Так провели они два часа, пролетевших для них, словно две минуты. Микеле и в самом деле рассказал ей свою жизнь, не скрыв даже своих недавних переживаний — в том восторженном влечении, которое он испытывал к матери, еще не зная ее, не было теперь ничего, что не могло быть пересказано словами, достойными святости их новых отношений. Слова же, которые он говорил про себя когда-то, теперь изменили смысл, и все те, что могли быть нечестивыми, стерлись, как невнятные речи, которые мы бормочем в жару и от которых не остается и следа, едва к нам возвращается рассудок и здоровье.
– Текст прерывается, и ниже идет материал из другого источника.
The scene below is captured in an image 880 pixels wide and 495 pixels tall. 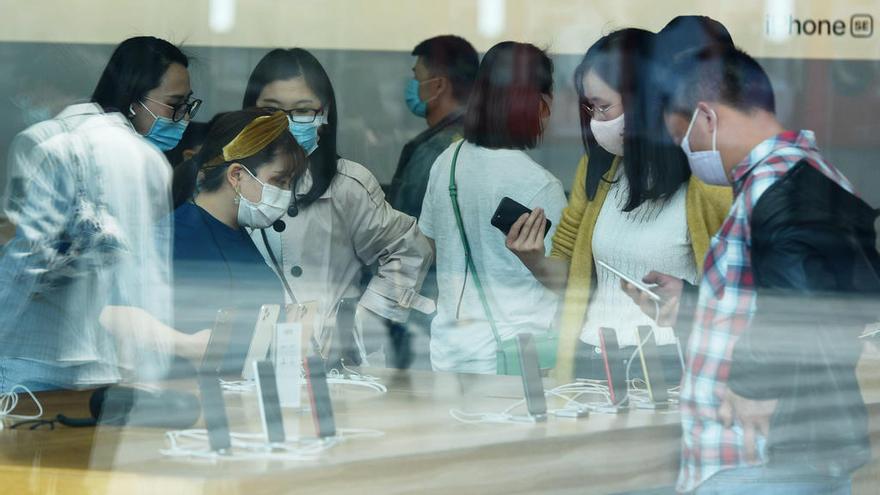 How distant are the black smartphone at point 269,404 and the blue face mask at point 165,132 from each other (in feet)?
3.59

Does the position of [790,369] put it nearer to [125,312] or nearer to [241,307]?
[241,307]

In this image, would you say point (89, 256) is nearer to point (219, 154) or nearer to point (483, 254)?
point (219, 154)

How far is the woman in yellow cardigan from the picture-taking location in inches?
107

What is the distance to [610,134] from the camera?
2.95 meters

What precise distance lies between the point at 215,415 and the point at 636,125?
122cm

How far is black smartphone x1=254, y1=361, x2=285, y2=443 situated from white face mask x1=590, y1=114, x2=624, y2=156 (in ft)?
3.49

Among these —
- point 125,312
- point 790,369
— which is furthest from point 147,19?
point 790,369

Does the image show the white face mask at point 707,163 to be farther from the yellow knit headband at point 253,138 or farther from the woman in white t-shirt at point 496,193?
the yellow knit headband at point 253,138

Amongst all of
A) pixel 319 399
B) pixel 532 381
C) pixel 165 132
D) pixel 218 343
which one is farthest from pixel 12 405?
pixel 532 381

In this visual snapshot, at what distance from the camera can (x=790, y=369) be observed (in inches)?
88.1

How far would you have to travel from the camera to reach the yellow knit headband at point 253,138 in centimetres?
296

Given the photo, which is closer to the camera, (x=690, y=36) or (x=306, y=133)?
(x=690, y=36)

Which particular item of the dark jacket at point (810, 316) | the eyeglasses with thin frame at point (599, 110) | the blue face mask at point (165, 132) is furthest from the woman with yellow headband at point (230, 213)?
the dark jacket at point (810, 316)

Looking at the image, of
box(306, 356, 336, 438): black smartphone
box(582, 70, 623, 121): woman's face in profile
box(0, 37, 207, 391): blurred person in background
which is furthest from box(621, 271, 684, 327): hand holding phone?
box(0, 37, 207, 391): blurred person in background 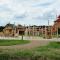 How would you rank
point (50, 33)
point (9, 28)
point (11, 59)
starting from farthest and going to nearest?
point (9, 28)
point (50, 33)
point (11, 59)

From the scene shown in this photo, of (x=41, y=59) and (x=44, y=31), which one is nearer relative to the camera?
(x=41, y=59)

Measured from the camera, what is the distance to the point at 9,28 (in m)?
84.4

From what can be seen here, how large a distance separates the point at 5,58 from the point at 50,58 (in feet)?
13.8

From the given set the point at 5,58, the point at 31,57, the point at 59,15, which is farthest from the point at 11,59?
the point at 59,15

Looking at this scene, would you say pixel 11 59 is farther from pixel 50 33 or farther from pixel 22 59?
pixel 50 33

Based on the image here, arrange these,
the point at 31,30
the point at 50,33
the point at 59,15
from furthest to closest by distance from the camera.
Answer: the point at 31,30
the point at 50,33
the point at 59,15

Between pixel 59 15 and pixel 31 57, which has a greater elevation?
pixel 59 15

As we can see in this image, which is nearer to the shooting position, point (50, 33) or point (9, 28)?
point (50, 33)

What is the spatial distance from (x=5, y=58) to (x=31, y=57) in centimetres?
260

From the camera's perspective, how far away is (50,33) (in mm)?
67000

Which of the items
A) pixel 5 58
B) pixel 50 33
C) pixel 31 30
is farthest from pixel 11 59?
pixel 31 30

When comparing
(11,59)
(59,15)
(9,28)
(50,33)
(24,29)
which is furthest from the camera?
(9,28)

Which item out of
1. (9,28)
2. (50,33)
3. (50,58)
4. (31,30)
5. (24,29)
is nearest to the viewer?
(50,58)

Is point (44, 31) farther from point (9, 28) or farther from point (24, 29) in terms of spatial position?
point (9, 28) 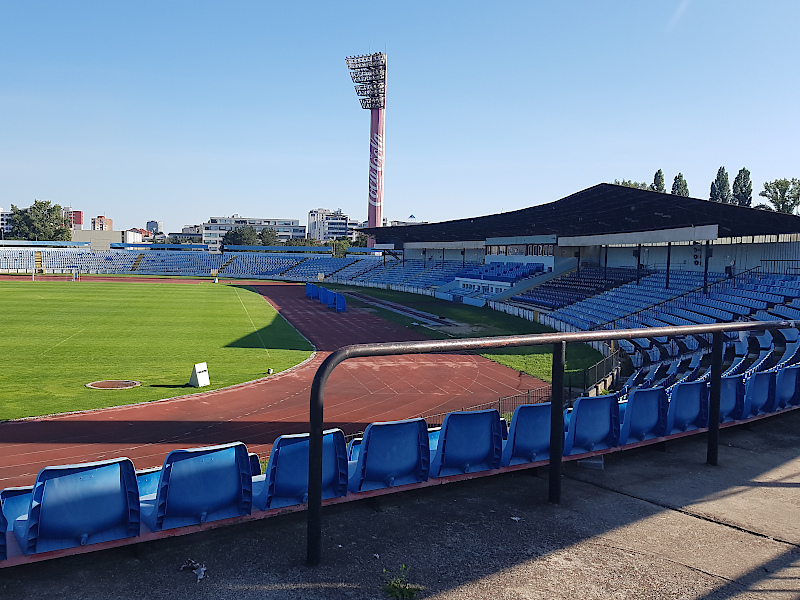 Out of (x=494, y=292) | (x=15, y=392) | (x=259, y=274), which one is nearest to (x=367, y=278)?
(x=259, y=274)

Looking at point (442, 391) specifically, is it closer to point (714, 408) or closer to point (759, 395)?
point (759, 395)

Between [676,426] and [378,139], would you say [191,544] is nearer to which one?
[676,426]

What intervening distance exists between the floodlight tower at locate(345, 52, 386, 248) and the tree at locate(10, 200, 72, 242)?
247 ft

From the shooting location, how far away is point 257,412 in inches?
571

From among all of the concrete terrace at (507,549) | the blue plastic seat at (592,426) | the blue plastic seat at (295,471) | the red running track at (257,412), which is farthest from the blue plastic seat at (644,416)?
the red running track at (257,412)

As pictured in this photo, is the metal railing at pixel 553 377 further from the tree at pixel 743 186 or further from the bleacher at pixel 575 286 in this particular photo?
the tree at pixel 743 186

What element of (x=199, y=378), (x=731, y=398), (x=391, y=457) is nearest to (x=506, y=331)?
(x=199, y=378)

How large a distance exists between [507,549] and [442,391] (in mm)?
12167

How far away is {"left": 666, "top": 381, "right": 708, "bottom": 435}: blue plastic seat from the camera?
8438 mm

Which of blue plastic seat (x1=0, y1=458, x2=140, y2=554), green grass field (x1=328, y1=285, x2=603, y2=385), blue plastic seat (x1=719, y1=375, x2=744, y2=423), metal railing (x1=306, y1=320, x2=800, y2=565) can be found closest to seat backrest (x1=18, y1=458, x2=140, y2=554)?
blue plastic seat (x1=0, y1=458, x2=140, y2=554)

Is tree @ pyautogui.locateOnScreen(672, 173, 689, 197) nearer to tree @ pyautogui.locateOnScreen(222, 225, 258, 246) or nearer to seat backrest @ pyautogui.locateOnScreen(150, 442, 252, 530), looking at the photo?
tree @ pyautogui.locateOnScreen(222, 225, 258, 246)

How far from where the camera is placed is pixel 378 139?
4028 inches

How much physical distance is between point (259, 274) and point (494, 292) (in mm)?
56086

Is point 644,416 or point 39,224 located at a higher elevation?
point 39,224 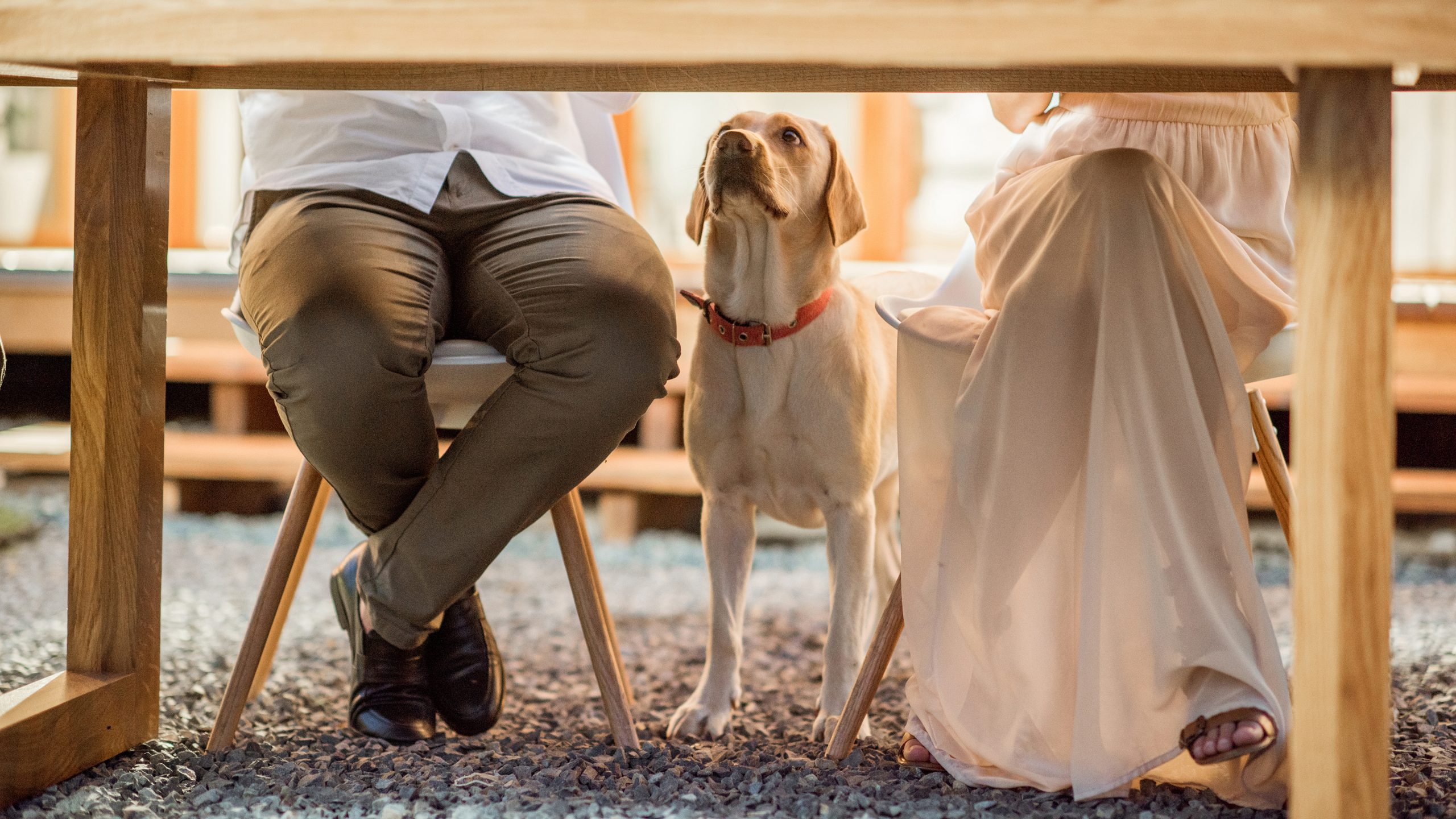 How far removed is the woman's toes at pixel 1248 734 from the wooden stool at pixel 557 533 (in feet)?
2.37

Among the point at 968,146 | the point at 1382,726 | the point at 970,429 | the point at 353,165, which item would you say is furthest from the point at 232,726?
the point at 968,146

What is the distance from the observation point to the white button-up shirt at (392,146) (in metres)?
1.56

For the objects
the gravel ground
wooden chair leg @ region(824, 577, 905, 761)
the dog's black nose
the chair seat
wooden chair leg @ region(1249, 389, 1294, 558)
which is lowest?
the gravel ground

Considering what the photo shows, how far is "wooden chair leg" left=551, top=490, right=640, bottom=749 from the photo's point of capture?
59.1 inches

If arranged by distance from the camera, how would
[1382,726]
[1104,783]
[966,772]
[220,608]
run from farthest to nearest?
[220,608] → [966,772] → [1104,783] → [1382,726]

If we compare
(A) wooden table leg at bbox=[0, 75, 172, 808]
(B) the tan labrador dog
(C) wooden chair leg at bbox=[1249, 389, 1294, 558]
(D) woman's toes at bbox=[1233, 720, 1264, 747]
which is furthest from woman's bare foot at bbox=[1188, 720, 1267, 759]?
(A) wooden table leg at bbox=[0, 75, 172, 808]

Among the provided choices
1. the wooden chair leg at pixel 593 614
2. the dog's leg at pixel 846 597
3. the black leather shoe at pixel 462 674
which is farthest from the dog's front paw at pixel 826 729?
the black leather shoe at pixel 462 674

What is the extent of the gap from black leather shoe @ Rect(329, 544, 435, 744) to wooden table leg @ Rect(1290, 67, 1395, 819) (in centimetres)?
106

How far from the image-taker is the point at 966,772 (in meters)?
1.32

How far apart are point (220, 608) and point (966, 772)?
69.5 inches

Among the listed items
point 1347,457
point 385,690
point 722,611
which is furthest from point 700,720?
point 1347,457

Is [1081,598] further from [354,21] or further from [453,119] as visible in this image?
[453,119]

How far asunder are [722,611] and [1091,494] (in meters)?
0.65

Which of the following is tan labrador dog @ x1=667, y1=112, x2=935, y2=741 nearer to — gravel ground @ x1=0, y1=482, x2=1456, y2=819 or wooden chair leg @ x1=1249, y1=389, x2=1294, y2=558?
gravel ground @ x1=0, y1=482, x2=1456, y2=819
Да, впрочем, за исключением иных тщеславных порывов, Микеле никогда не мечтал о том, из-за чего ему следовало бы краснеть теперь перед самим собой. Он думал, что любим, и нисколько не ошибся! Пылкая любовь переполняла его, но он чувствовал, что любит Агату, ставшую ему матерью, с не меньшим жаром и признательностью и даже не менее ревниво, чем любил час назад. Теперь ему стало понятно, почему он не мог видеть ее без того, чтобы душа его неодолимо не стремилась к ней, всегда с живейшим сочувствием, с чувством тайной гордости ею, которая перекликалась с его собственной. Он вспоминал, как, увидев ее впервые, он подумал, что когда-то уже видел ее. И когда Микеле попросил у нее объяснения этого чуда, она сказала:
— Посмотрись в зеркало, и ты поймешь, что в моих чертах ты увидел свои собственный образ. Это сходство, которое всегда любил отмечать Пьетранджело, наполняло меня гордостью и в то же время заставляло трепетать за тебя. К счастью, оно никому не бросилось в глаза, разве что кардиналу, который велел остановить носилки, чтобы разглядеть тебя, в день твоего прибытия, когда ты, словно направляемый невидимой рукой, пришел ко входу во дворец твоих предков. Мой дядя в свое время был самым подозрительным, самым проницательным и хитрым врагом и деспотом. Если бы он тебя увидел до того, как его разбил паралич, он, конечно, узнал бы тебя и, не задав ни единого вопроса, велел бросить в тюрьму, а потом отправить в изгнание… Быть может, велел бы убить тебя! Как он ни ослабел за последние десять дней, он уставился на тебя (что и пробудило подозрения Нинфо), и его память прояснилась настолько, что он пожелал справиться о твоем возрасте. Кто знает, к какому роковому открытию это могло привести его, если бы провидение не подсказало тебе назвать двадцать один год вместо восемнадцати!
— Мне восемнадцать, — сказал Микеле, — а вам, матушка? Вы мне кажетесь моложе меня.